Before the 1970s, government bodies like the NSA controlled the monopoly of cryptographic technology, but Whit Diffie managed to make it available to the public. He solved the key distribution problem together with engineer Martin Hellman. The finding was similar to discovering the atomic bomb at the time, as it opened a whole new era of security for everyone.

Whit Diffie was awarded an honorary doctoral degree from the Swiss Institute of Technology in 1992, and in 2008 he received a doctorate from Royal Holloway. In 2015, he won the Turin Award for advances in his field, which is widely regarded as the highest award in the field of computer science. He also holds many other awards, including the Golden Jubilee Award.

How is Bitcoin related to cryptography?

Bitcoin and many other cryptocurrencies are related to cryptographic science in numerous ways. Bitcoin in particular uses three different encryption technologies to ensure its transactions are private.

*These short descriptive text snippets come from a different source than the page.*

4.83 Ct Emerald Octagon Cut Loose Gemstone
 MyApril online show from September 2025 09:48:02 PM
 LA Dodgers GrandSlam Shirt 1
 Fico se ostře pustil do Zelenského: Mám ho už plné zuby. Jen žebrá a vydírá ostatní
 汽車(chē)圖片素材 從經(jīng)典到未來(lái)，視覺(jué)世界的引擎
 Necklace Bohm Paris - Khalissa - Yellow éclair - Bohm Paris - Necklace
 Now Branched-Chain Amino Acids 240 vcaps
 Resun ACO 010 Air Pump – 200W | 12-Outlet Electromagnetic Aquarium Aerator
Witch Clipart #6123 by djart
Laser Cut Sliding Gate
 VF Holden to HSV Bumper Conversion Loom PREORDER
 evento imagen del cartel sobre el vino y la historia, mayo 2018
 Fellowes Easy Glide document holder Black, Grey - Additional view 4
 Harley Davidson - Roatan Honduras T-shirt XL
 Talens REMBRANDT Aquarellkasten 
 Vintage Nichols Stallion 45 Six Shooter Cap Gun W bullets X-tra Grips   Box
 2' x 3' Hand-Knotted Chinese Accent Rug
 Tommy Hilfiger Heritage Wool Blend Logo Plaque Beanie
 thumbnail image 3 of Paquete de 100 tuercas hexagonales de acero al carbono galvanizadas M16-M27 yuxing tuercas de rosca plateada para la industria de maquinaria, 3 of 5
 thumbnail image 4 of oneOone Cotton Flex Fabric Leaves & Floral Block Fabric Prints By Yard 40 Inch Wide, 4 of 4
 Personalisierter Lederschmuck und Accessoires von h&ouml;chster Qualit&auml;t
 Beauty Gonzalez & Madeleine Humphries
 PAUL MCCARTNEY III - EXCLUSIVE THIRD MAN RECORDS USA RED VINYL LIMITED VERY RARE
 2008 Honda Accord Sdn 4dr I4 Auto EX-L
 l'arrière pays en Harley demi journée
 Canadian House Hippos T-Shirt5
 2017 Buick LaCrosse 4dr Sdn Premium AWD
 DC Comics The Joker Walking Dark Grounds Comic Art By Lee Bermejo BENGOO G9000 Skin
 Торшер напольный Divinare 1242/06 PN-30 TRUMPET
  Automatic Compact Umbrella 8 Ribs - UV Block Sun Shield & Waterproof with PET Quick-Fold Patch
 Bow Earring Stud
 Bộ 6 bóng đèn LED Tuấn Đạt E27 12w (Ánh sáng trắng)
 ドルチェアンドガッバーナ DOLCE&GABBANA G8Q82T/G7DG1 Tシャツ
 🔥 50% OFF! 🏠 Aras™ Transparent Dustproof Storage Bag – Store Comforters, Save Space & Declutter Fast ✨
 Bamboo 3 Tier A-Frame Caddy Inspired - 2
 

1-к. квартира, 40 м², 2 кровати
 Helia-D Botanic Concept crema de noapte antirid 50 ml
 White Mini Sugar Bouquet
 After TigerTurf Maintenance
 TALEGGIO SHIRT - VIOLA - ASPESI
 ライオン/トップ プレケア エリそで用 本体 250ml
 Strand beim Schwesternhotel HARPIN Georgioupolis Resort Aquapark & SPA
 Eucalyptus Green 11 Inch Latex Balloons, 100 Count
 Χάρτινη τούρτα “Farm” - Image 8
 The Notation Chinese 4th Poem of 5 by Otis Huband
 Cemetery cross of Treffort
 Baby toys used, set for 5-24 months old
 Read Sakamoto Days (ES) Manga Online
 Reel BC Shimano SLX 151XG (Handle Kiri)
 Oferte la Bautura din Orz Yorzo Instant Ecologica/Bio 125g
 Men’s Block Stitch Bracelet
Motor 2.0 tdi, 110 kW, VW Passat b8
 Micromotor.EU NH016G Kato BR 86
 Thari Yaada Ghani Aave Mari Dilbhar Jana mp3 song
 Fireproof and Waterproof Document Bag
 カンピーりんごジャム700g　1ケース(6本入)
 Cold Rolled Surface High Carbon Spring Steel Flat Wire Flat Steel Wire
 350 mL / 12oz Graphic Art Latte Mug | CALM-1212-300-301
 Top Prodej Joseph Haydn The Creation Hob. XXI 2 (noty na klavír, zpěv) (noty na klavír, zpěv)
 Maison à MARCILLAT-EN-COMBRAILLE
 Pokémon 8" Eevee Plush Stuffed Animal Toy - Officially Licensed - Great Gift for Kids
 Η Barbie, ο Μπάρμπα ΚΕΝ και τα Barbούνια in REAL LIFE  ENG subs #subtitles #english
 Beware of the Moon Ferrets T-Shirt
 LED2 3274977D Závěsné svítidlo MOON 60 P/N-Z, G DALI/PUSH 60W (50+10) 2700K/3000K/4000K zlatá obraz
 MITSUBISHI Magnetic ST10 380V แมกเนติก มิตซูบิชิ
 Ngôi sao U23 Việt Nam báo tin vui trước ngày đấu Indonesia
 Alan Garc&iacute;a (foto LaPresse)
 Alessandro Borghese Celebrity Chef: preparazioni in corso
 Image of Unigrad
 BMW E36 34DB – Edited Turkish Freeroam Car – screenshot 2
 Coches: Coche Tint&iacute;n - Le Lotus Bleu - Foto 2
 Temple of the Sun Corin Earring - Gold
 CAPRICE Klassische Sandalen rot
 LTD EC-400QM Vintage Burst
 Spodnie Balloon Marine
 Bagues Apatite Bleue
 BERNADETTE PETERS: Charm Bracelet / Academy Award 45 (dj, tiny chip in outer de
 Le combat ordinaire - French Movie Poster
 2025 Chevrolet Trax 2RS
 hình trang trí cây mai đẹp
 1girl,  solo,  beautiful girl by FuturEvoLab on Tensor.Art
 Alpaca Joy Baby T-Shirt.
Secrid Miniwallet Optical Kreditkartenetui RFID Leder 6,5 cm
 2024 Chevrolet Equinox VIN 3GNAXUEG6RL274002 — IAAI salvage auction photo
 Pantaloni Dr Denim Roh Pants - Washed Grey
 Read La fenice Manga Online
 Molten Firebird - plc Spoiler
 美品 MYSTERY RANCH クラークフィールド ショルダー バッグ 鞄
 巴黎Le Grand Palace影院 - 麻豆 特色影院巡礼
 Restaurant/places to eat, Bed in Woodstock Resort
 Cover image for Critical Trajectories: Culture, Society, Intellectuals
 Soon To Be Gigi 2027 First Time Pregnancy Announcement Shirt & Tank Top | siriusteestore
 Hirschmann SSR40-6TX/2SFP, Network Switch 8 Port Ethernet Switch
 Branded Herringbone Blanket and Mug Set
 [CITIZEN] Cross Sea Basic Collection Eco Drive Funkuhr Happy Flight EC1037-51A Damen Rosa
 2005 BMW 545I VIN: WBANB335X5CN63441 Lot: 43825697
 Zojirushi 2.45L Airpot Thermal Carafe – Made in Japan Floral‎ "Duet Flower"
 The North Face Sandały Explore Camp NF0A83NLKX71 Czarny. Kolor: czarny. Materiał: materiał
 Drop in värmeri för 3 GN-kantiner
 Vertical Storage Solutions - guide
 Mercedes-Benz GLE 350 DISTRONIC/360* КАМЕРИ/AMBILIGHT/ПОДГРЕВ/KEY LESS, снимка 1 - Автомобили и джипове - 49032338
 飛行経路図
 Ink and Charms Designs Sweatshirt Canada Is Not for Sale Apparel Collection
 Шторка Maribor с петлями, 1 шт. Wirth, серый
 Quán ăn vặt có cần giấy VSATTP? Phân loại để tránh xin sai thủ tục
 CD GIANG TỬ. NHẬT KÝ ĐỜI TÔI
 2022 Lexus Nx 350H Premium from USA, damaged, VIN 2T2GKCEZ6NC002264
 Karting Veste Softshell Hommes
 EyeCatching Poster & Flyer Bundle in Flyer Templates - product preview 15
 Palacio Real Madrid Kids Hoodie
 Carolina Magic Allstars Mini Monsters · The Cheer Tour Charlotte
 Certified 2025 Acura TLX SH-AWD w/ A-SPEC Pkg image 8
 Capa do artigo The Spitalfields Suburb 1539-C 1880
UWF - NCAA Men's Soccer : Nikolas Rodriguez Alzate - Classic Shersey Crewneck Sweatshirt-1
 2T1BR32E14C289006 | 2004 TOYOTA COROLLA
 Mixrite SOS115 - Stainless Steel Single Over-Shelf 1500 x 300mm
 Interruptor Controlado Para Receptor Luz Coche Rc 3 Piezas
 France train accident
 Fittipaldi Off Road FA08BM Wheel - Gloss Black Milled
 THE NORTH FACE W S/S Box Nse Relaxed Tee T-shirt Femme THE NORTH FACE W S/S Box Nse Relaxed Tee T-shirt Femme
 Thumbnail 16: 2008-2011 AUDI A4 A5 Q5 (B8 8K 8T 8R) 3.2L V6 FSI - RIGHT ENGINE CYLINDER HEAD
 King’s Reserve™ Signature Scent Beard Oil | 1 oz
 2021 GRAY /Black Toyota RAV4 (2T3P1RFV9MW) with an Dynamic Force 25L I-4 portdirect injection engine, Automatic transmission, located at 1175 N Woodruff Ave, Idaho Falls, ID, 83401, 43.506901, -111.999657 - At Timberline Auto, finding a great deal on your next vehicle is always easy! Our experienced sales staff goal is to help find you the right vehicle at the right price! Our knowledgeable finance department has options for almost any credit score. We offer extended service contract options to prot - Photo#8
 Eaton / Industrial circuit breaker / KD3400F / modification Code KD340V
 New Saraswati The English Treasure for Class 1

The first method is called Symmetric Encryption Cryptography and is used for encrypting, transmitting, and decrypting messages. It uses a key to secure the conversation between two parties communicating over a public channel. It is similar to a radio, except that cryptography uses keys and algorithms to make the message available only to the intended receiver.

The second cryptographic method used in crypto is Asymmetric Encryption Cryptography. This generates a public and a private key to encrypt and decrypt a message. The public key verifies the paired private key for the actual sender of the data. Then, the paired private key holder can successfully decrypt the data. This second method ensured the performance of two functions of bitcoin transactions: authenticating users and encrypting data.

The third method is hashing, which is the cryptographic method of converting large amounts of data into short values. These are difficult to copy and counterfeit.

The identity of parties is confirmed by digital signatures, which serve to confirm your identity on the network. Both the sender and the receiver have a unique digital signature, so both parties need to be genuine participants. Digital signatures are used as proof that the data wasn’t altered.

In what areas is cryptography used today?

Cryptographic science is used in e-commerce, digital file management and telecommunications. For example, cryptography is applied to securing passwords on multiple websites and networks. Other uses of encryption are banking transactions and computer passwords. Both areas are highly sensitive and require the utmost security when dealing with money and personal data.

Another use of cryptography is timestamping. This is a method of certifying that a certain electronic document was created or delivered at a specific point in time. Timestamping uses an encryption technique called a blind signature scheme. This scheme is used in patents and copyright — it allows the sender to make sure the recipient signs the document before they see the contents.

Conclusion

Cryptography is an immensely important security protocol that is used in everyday situations. Without it, we couldn’t secure our personal information and money transfers. Thanks to Whit Diffie and his invention, we now have the ability to safely transfer information to anyone, anytime.